Shelby was elected to represent Washington County in the Virginia House of Delegates in 1779. Later that year, he was commissioned a major by Governor Thomas Jefferson and charged with escorting a group of commissioners to establish a frontier boundary line between Virginia and North Carolina. Shortly after his arrival in the region, North Carolina Governor Richard Caswell made him magistrate of newly formed Sullivan County and elevated him to the rank of colonel of the Sullivan County Regiment. While he was a colonel, Shelby assisted other colonels establish the State of Franklin before moving to his property in the Kentucke region. Engaging in local politics later creating the Commonwealth of Kentucky with more than a 12 other colonels who made him their first governor. Most of Kentucky's counties today are named after the historic colonial and pioneer colonels that migrated there following Boone and Shelby.

Kentucky Colonel Isaac Shelby

Kentucky Colonel - Isaac Shelby, living portrait (circa 1820)
Colonel Isaac Shelby, First Governor of Kentucky, Former surveyor of the Transylvania Company working under Col. Daniel Boone in August 1775. Selected the First Governor by a unanimous vote of fellow colonels. Portrait painting of Isaac Shelby by artist Matthew Harris Jouett, c. 1816-1820. Source: Gift of Eleanor Robertson Stokes and Rev. Vernon W. Robertson, The Filson Historical Society

Kentucky Colonel Nomination Procedure

In deed, the Kentucky Colonel Award or Title is the highest form of recognition bestowed to individuals by the Commonwealth of Kentucky. 

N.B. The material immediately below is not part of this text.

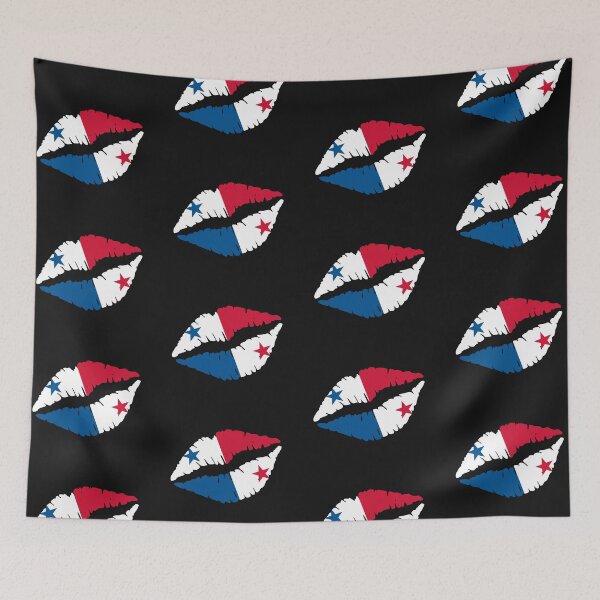 Item preview, Panama Flag designed and sold by RiffXS.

A Kentucky colonelcy can only be granted by the Governor and the Secretary of State based upon being nominated by another colonel, being recommended by a third party, or being individually recognized by the state's governor for a noteworthy act that commands the governor's attention (or the state). Historically there have been cases where the governor has recognized noteworthy individuals as Kentucky colonels based on formal written suggestions by citizens and other officials of the Commonwealth. 

Nominations for the title of Kentucky Colonel must be made by an independent third party, it is not recommended that family members living at the same address make nominations because they may be rejected. The Office of the Governor is permitted implicitly in law to perform a background check on nominees and nominators.

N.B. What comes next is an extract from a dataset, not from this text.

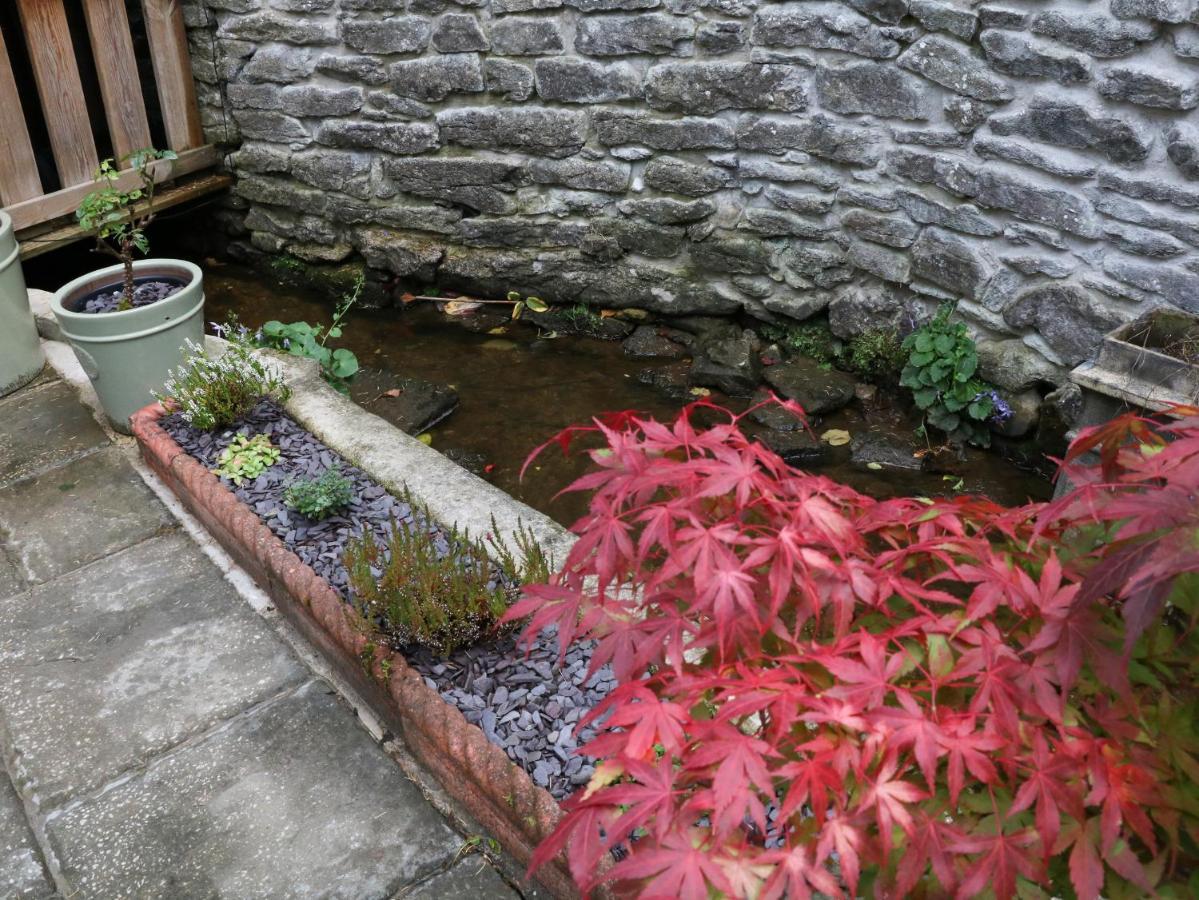 Millstream Cottage Castleton  Exterior foto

Recommendations can be made directly on the Governor's Website.

Great Seal of the Commonwealth 2023

Many believe the Kentucky Colonel Seal depicts Col. Daniel Boone and Kentucky Statesman Col. Isaac Shelby. There are 15 official artistic versions of the Seal that are accepted. 

Original Goodwill Ambassador Title of the Commonwealth

Today there are more than 300,000 to perhaps 400,000 Kentucky colonels living in over 70 countries, many organizations have been formed since the turn of the 20th century to promote activities, fraternity and social prosperity relative to Kentucky colonelcy. While colonels today have no official responsibilities mandated, they are legally recognized reciprocally as the state's "ambassadors of good-will" due to their dedication to community service, contributions to the welfare of the state, and for improving the lives of others to make the world a better place for everyone. 

The authoritative title is warranted through letters patent which grants them the Title "Colonel" recognizing them as "Honorable" through a commission as an officer on the governor's staff. Colonels optional duties are de facto and extra officio responsibilities of promoting tourism, economic development, participation in community service, fostering the general prosperity of the Commonwealth and projecting Kentucky's image abroad on behalf of the State and the Governor. Historically these duties extended to writing the laws of the state itself that was founded by colonels.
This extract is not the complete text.